▶ **Information provided**
☆ ☆ ☆ ☆ ☆ ☆ ☆
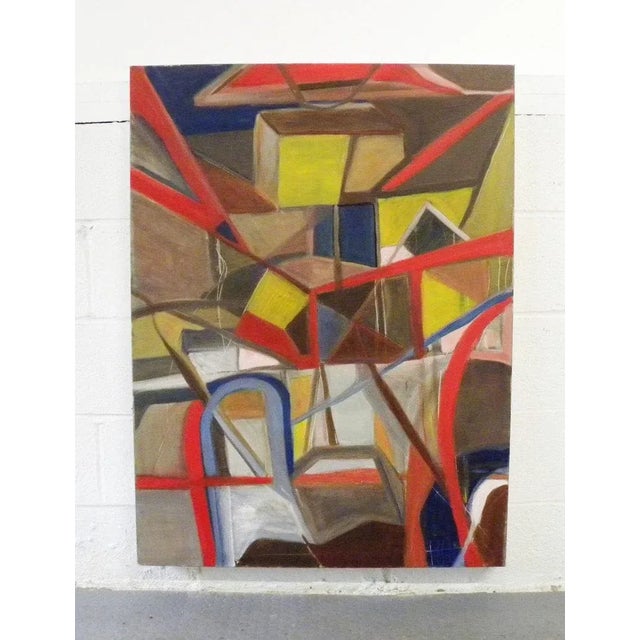 Vintage Mid Century Abstract Original Oil Painting Abstract Modernist painting with layered geometric figures. Great color...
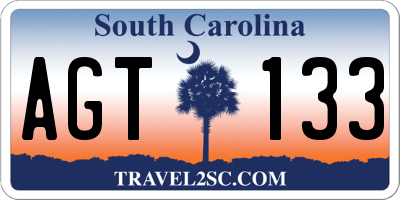SC license plate AGT133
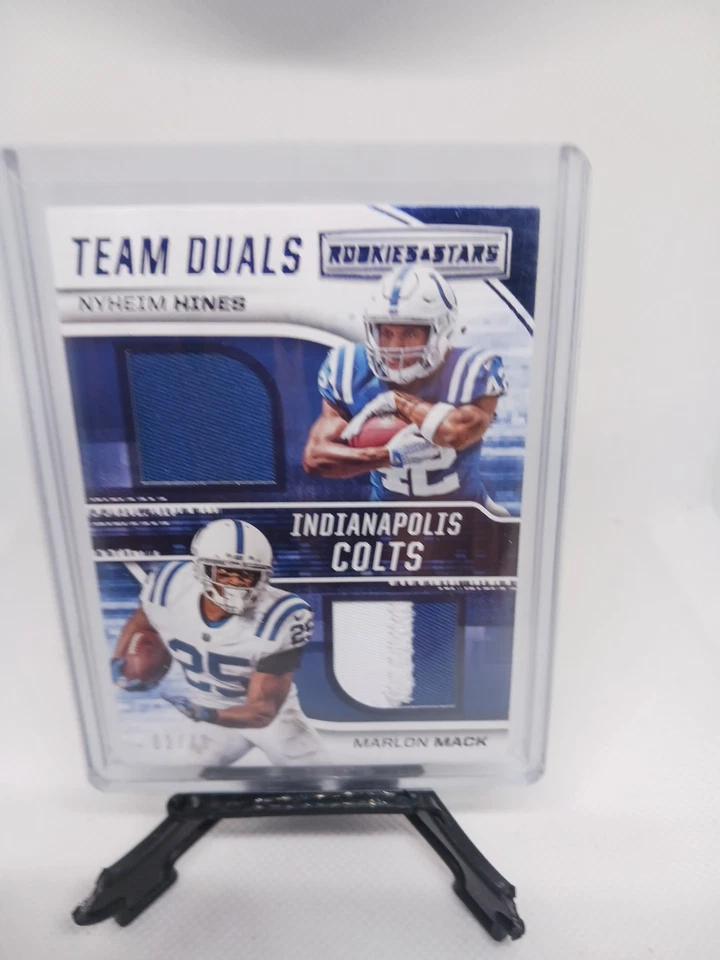2018 Rookies & Stars Team Duals Relics Prime /49 Marlon Mack Nyheim Hines RC - Image 3 of 4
☆ ☆ ☆ ☆ ☆ ☆ ☆
▶ **Exercise objective**
Retype exactly the lines above, starting at the line containing "SC license plate AGT133" and ending with the last line, both included; leave out the pictures.

▶ **Answer**
SC license plate AGT133
2018 Rookies & Stars Team Duals Relics Prime /49 Marlon Mack Nyheim Hines RC - Image 3 of 4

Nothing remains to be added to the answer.